Please copy, exactly and with no pictures, only the lines from the one containing "Storm causes tree" through the last line of the records.

___ SOURCE MATERIAL

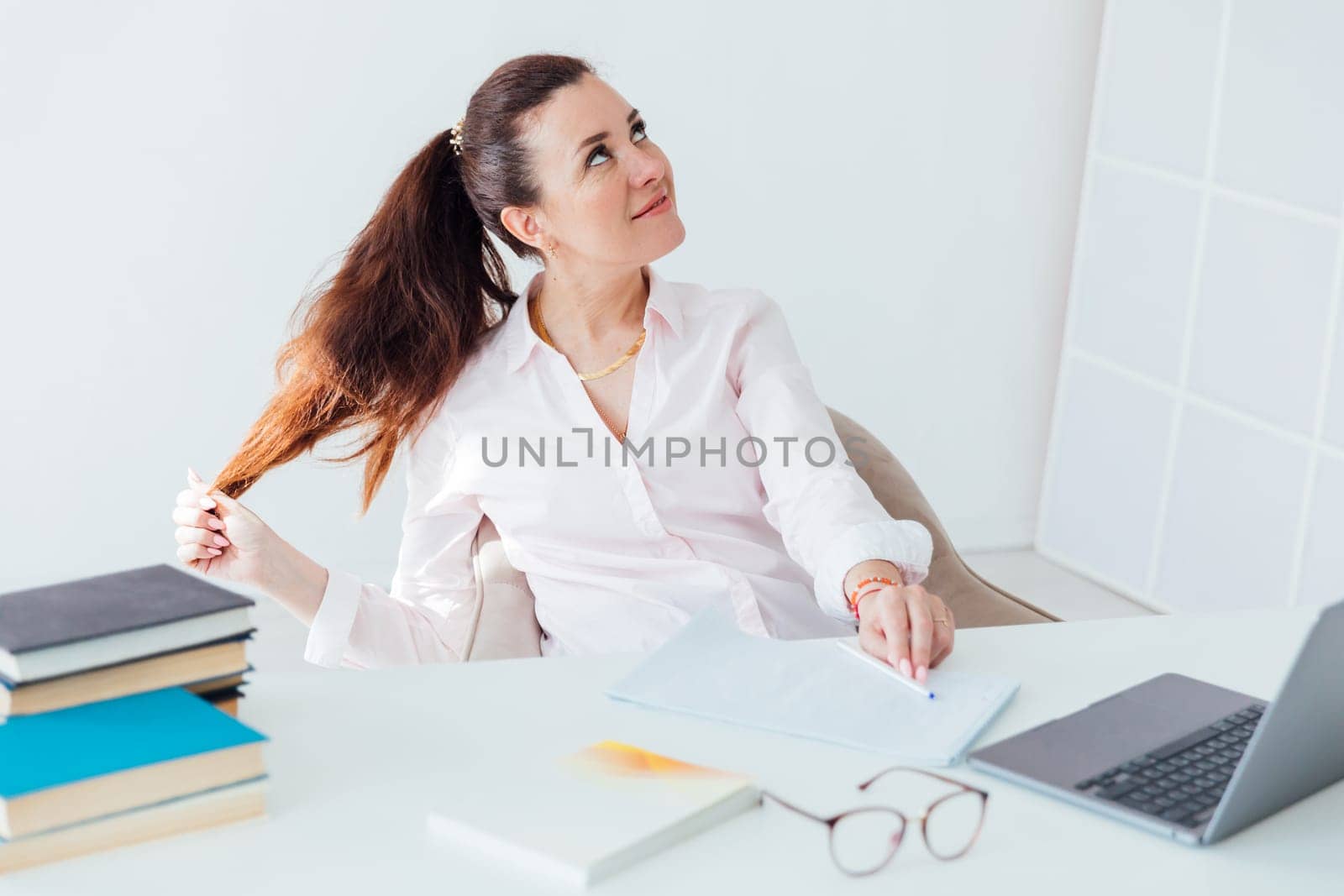 The brunette smiled thoughtfully at the office desk with a laptop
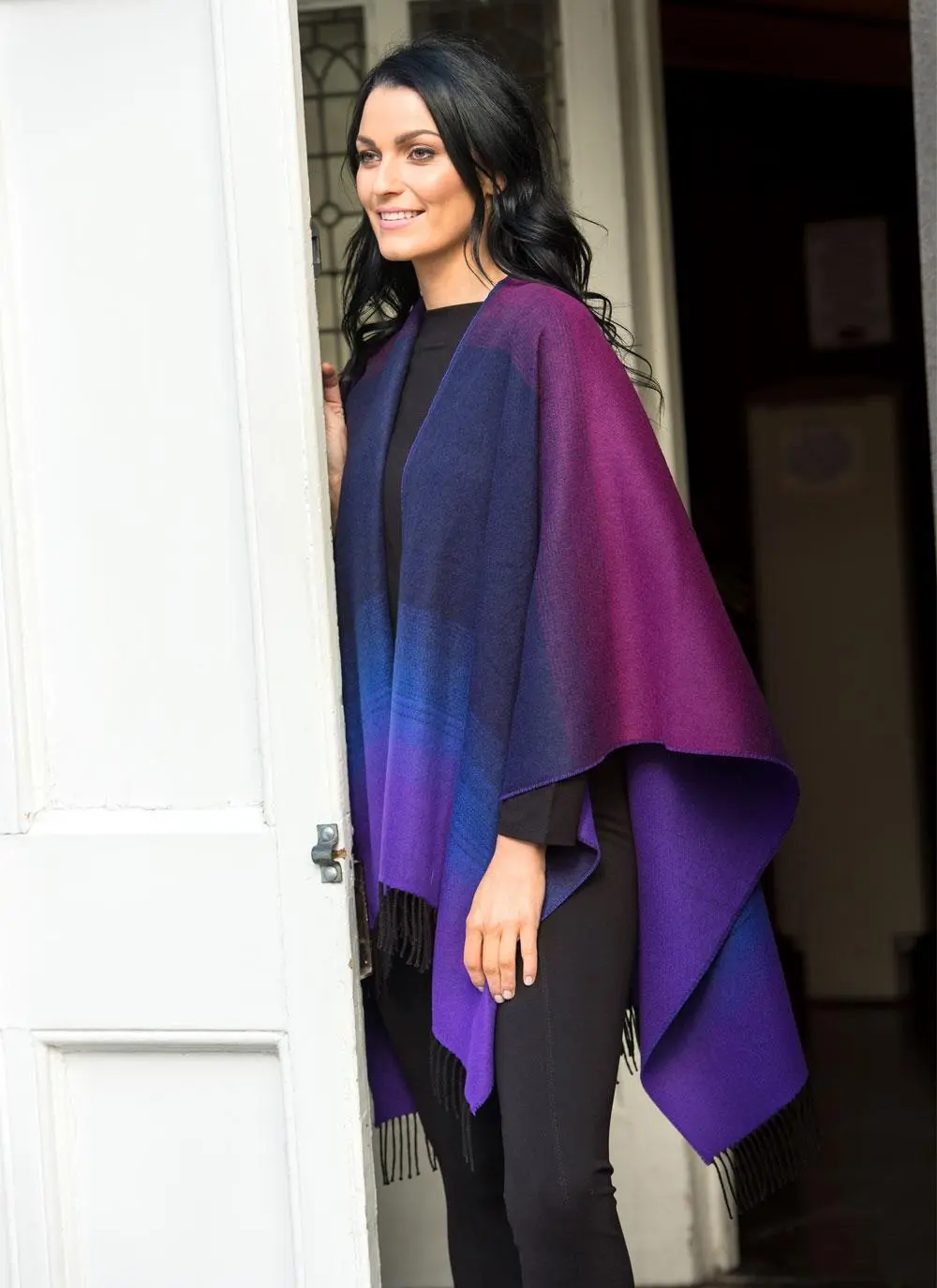 Brunette woman wearing purple and black shawl standing in front of building. 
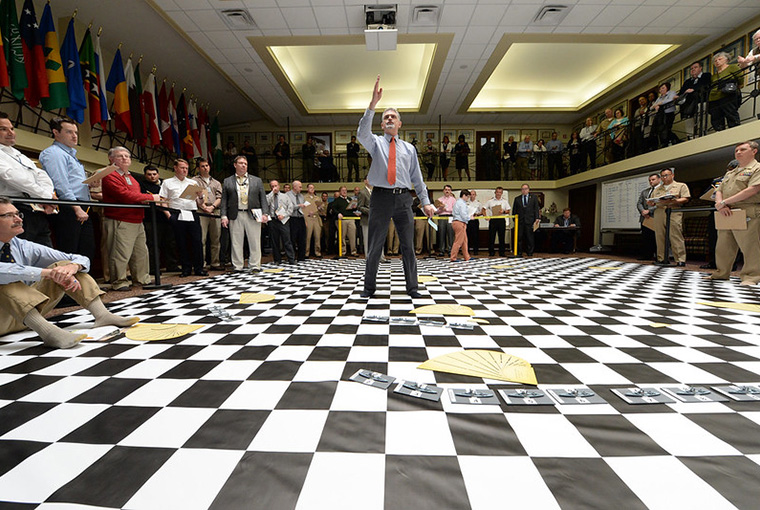 Peter Pellegrino, U.S. Naval War College's (NWC) senior military analyst for wargaming, briefs participants of a wargame reenactment of the Battle of Jutland at NWC in Newport, Rhode Island.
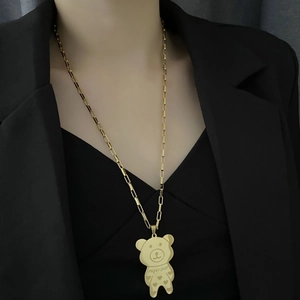 Golden bear necklace with superstar engraving on paperclip chain worn on black suit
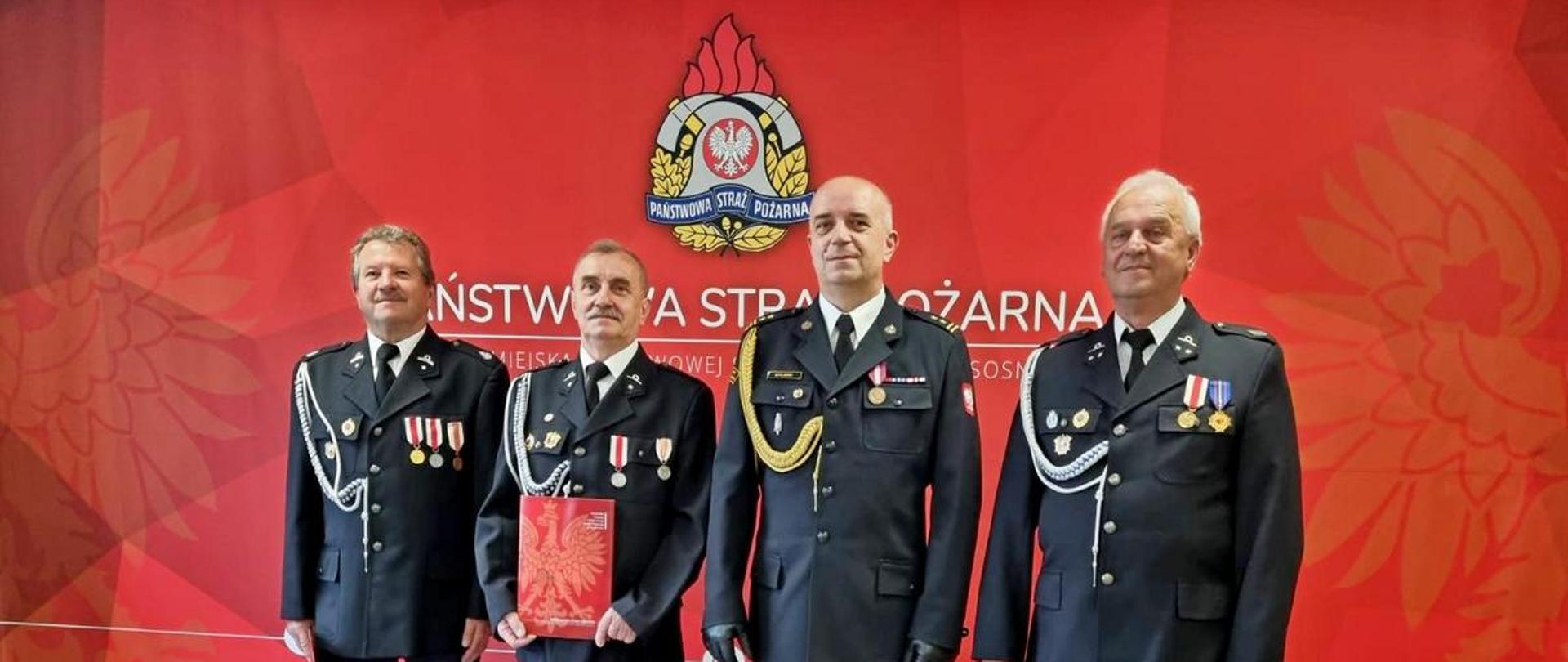Na zdjęciu Komendant Miejski Państwowej Straży Pożarnej w Sosnowcu w umundurowaniu galowym oraz strażacy OSP w umundurowaniu galowym. W tle widoczne logo Państwowej Straży Pożarnej na czerwonym tle.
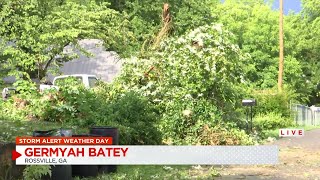 Storm causes tree to fall on home and catch fire in Rossville, Ga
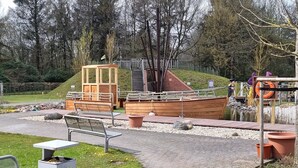 Eine hölzerne Bootsanlagemit Bänken, einem Mülleimer und einem Rettungsring in Wassennähe.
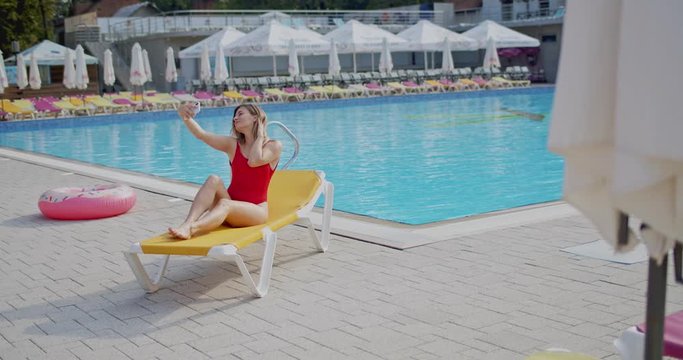 Caucasian young pretty girl in the red swimming suit sitting on the lounge and smiling while taking selfie photos on the smartphone at the pool while resting.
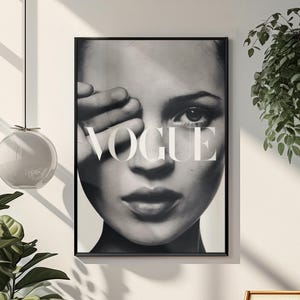 May include: A black and white framed wall art print featuring a close-up portrait of a face with one hand partially covering an eye. The word VOGUE is printed in large white capital letters across the center of the image, overlaying the facial features.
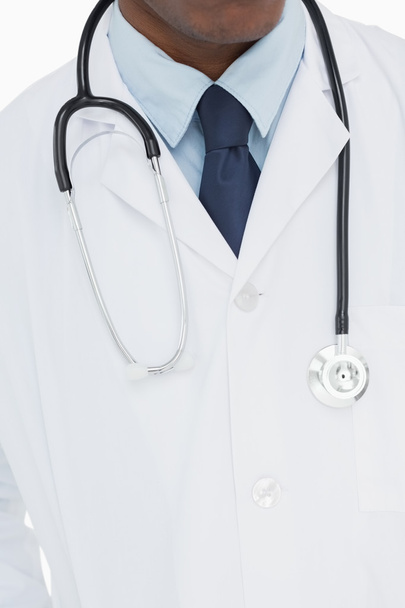 Mid section of a male doctor in lab coat and with stethoscope - Photo, Image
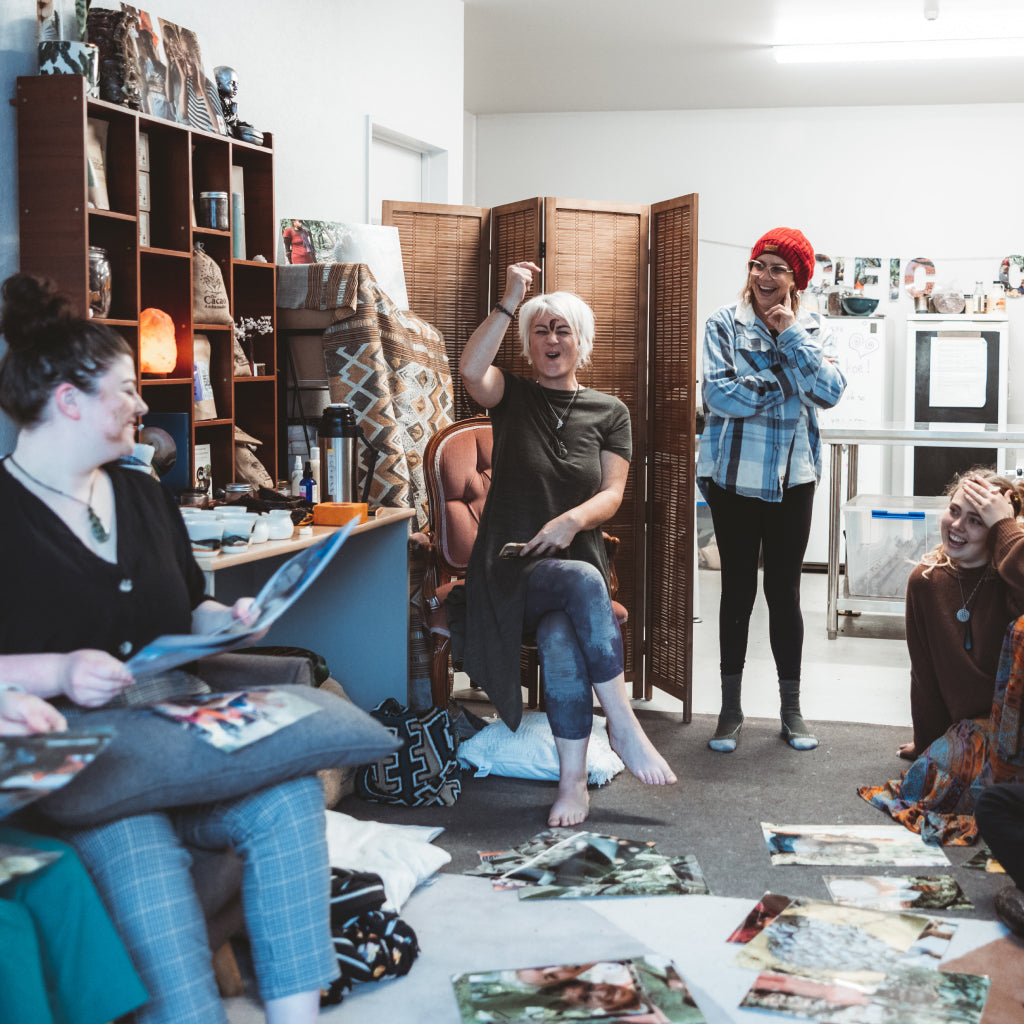 Group of people in a room with photos on the floor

______

> [WRITTEN RESPONSE]:
 Storm causes tree to fall on home and catch fire in Rossville, Ga
 Eine hölzerne Bootsanlagemit Bänken, einem Mülleimer und einem Rettungsring in Wassennähe.
 Caucasian young pretty girl in the red swimming suit sitting on the lounge and smiling while taking selfie photos on the smartphone at the pool while resting.
 May include: A black and white framed wall art print featuring a close-up portrait of a face with one hand partially covering an eye. The word VOGUE is printed in large white capital letters across the center of the image, overlaying the facial features.
 Mid section of a male doctor in lab coat and with stethoscope - Photo, Image
 Group of people in a room with photos on the floor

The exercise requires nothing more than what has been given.